The licensee noted that, prior to the event, a decision was made that a post maintenance

reactor vessel pressure test was not necessary because there are no regulatory requirements to

conduct this test following mid-cycle maintenance outages. Therefore, as a corrective action, the licensee revised plant procedures to require a pressure test of the reactor vessel following

mid-cycle maintenance outages that require reactor vessel reassembly.
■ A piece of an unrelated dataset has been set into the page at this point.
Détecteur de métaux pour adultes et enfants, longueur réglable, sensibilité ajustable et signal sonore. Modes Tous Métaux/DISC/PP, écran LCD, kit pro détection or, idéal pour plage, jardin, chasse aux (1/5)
NRC Special Inspection Team Findings

An NRC special inspection team reviewed the circumstances surrounding this event. The

inspection team reviewed the licensees actions prior to the event and identified examples of

improper procedure adherence that contributed to the inadequate reactor vessel head stud

tensioning. Specifically, the team determined that licensee personnel failed to properly

pressurize the reactor vessel head stud tensioning equipment to the value specified in

Procedure 0SMP-RPV502 because the tensioning equipment operators did not know how to

correctly interpret the hydraulic pressure reading on the tensioning equipment display. The

inspection team also determined that quality control personnel failed to verify proper reactor

vessel stud elongation in accordance with stud elongation values specified in Procedure

0SMP-RPV502. Further, the inspection team determined that nine of the twelve refuel floor

personnel performing reactor vessel reassembly did not have the necessary refuel floor support

training, as required by Procedure TRN-NGCC-1000, Conduct of Training. Finally, based on

its review of Procedure 0PLP-20, Post Maintenance Testing Program, which specifies plant

equipment shall be tested consistent with their safety functions following maintenance activities that may have impaired proper functioning of the components, the inspection team determined

that the licensee failed to specify an adequate post maintenance test to verify the pressure

retaining capability of the reactor vessel following a mid-cycle maintenance outage.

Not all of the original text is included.